-- Information shown follows --

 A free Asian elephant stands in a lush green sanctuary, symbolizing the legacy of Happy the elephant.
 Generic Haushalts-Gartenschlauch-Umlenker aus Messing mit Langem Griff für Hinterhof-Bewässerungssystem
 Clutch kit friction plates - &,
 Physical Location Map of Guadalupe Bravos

-- Information shown concluded --
-- Information shown follows --

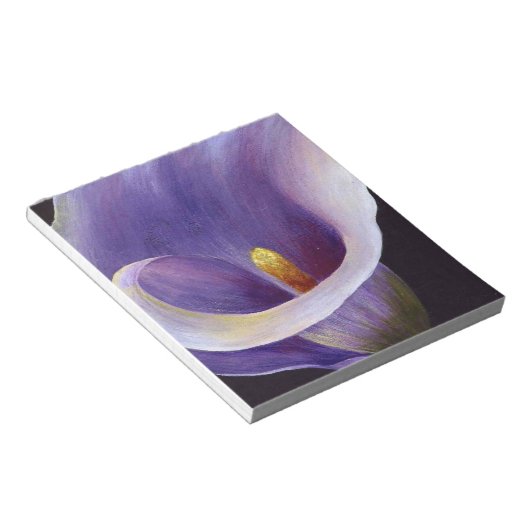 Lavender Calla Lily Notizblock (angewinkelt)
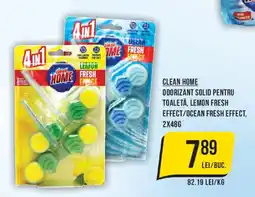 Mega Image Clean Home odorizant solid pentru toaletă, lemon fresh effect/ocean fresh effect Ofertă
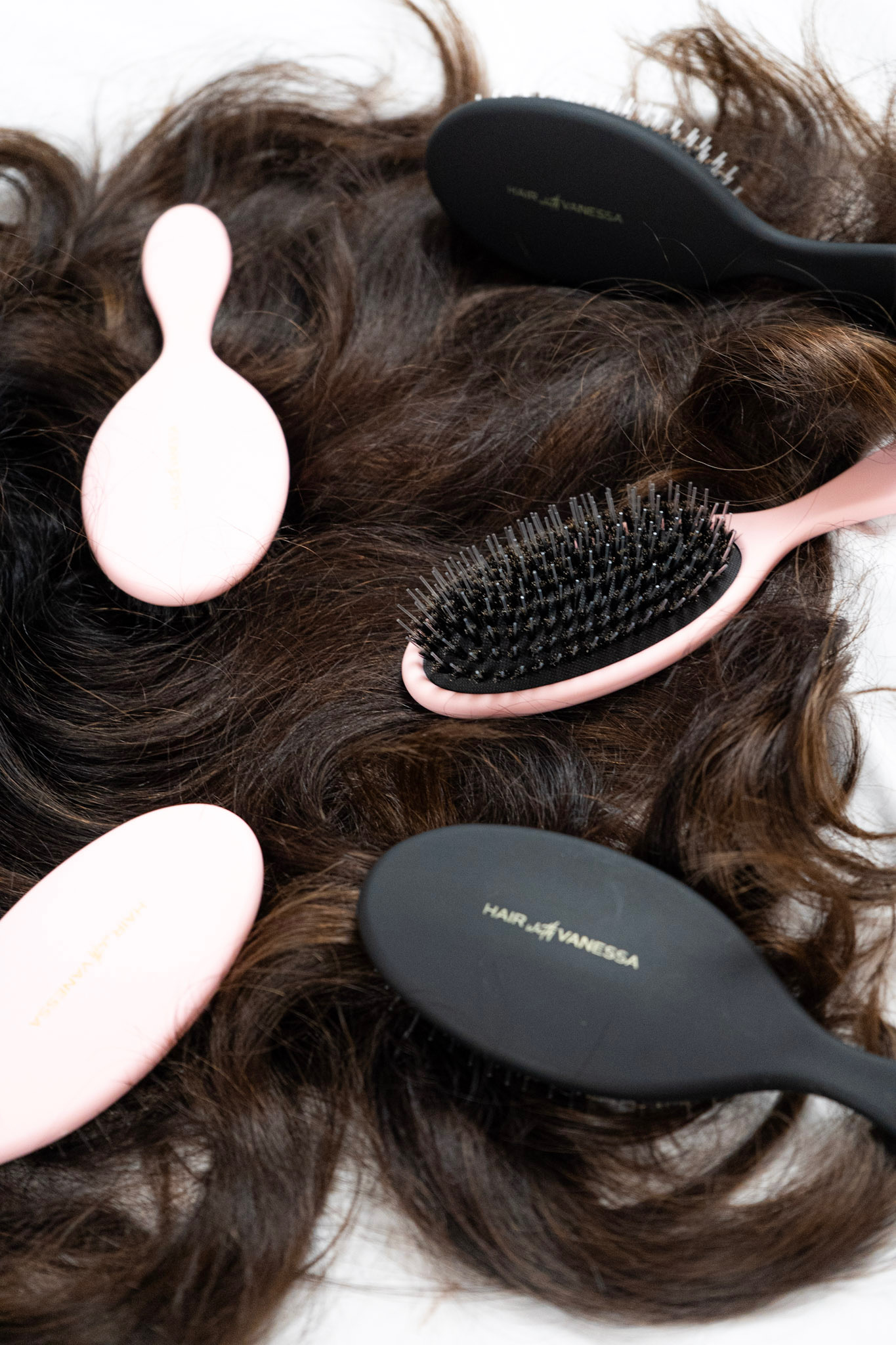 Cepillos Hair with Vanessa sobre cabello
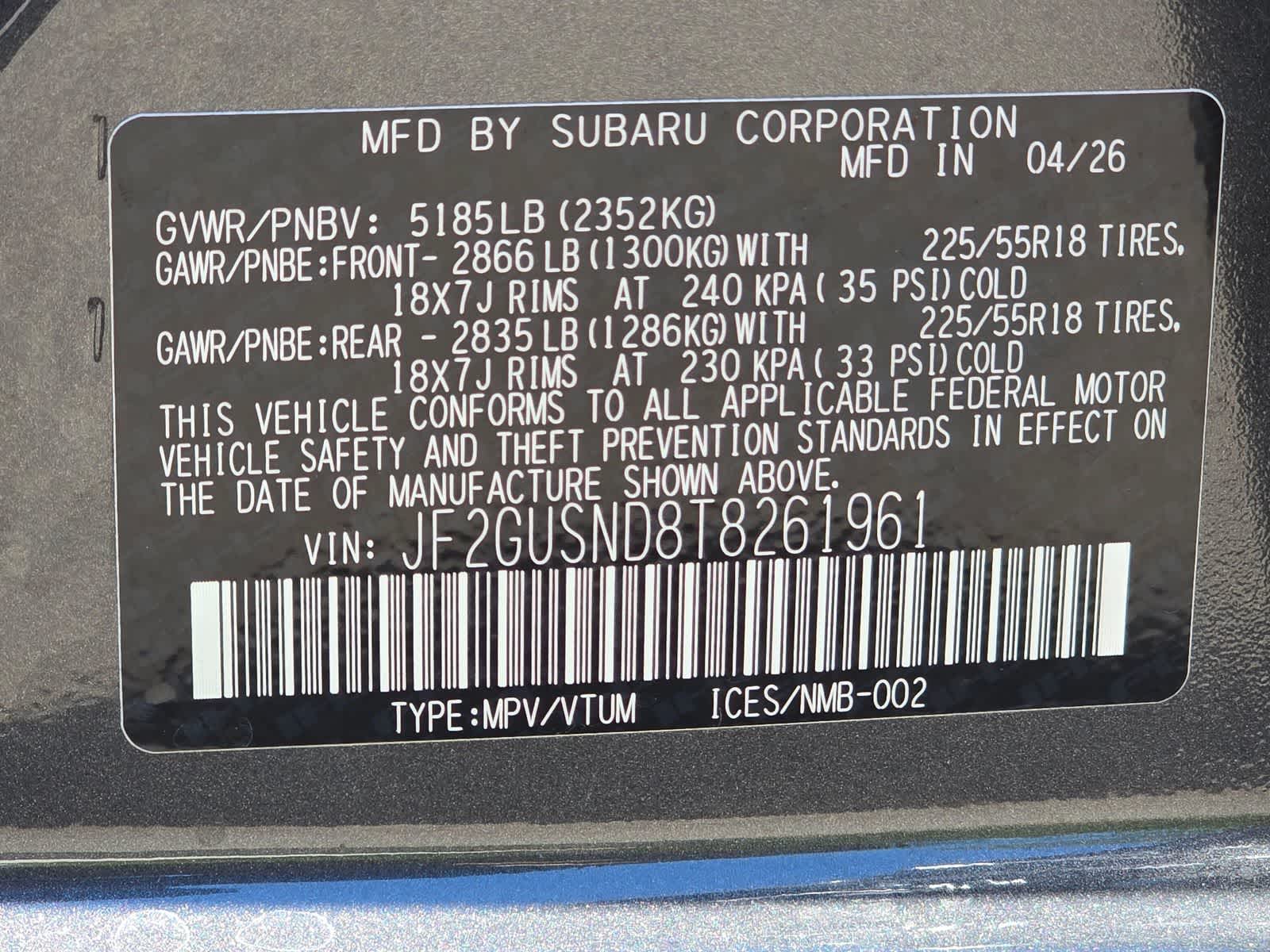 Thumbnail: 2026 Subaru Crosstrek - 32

-- Information shown concluded --
-- Information shown follows --

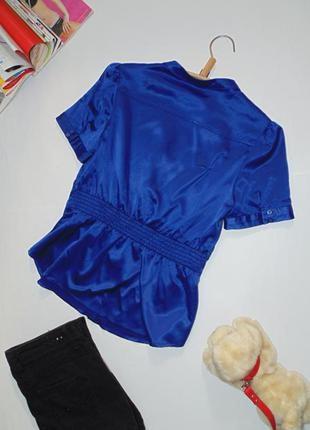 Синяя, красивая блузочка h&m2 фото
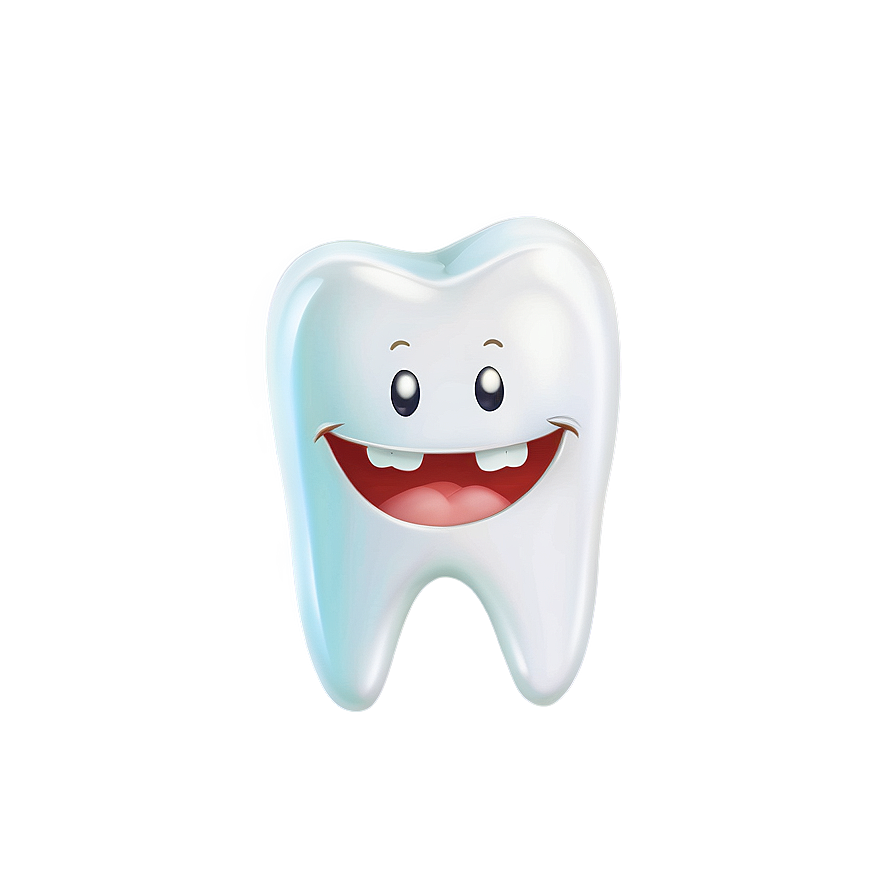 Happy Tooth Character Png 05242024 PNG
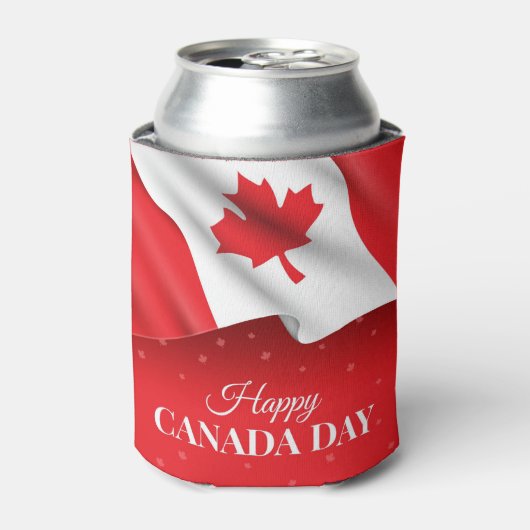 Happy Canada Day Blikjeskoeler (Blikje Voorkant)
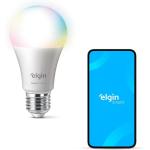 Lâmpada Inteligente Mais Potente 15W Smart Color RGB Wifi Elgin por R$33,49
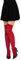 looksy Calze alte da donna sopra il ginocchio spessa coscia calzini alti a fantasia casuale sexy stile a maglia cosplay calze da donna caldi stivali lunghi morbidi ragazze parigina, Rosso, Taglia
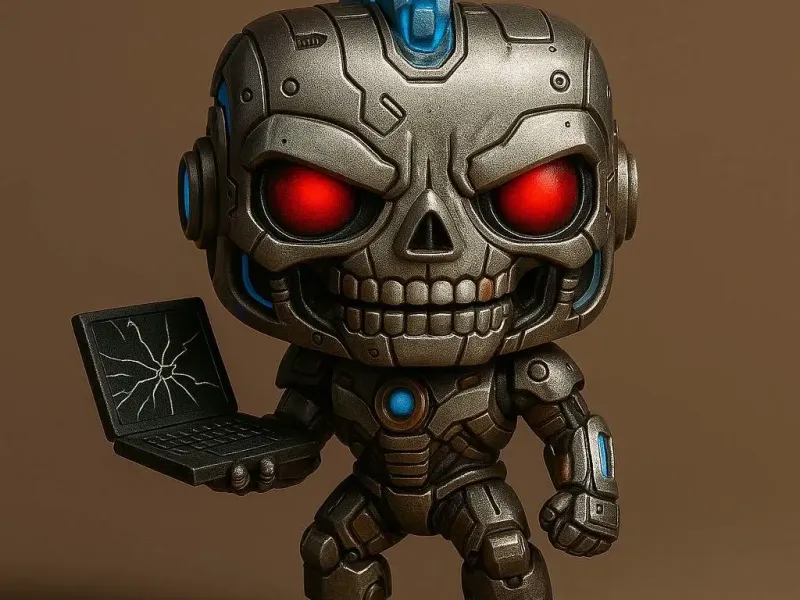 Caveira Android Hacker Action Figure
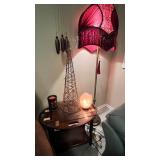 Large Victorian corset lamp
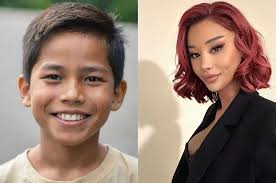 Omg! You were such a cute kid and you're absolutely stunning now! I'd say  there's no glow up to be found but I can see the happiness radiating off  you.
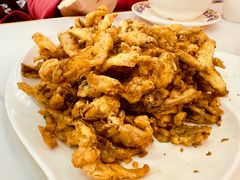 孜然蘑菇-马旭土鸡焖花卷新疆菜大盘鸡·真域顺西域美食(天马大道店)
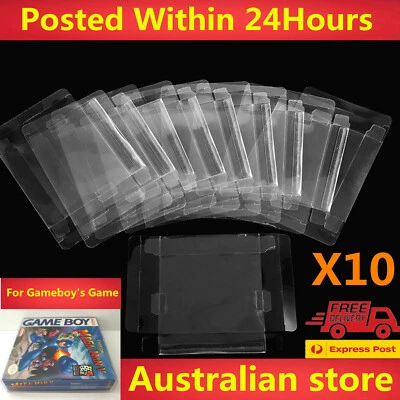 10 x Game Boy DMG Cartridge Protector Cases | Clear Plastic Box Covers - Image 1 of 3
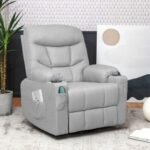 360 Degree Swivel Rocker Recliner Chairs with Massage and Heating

-- Information shown concluded --

### Required work
All pictures are to be skipped. Output, word for word, the lines in the data above starting at the line containing "Happy Canada Day" and ending at the line containing "looksy Calze alte".

### Task answer
 Happy Canada Day Blikjeskoeler (Blikje Voorkant)
 Lâmpada Inteligente Mais Potente 15W Smart Color RGB Wifi Elgin por R$33,49
 looksy Calze alte da donna sopra il ginocchio spessa coscia calzini alti a fantasia casuale sexy stile a maglia cosplay calze da donna caldi stivali lunghi morbidi ragazze parigina, Rosso, Taglia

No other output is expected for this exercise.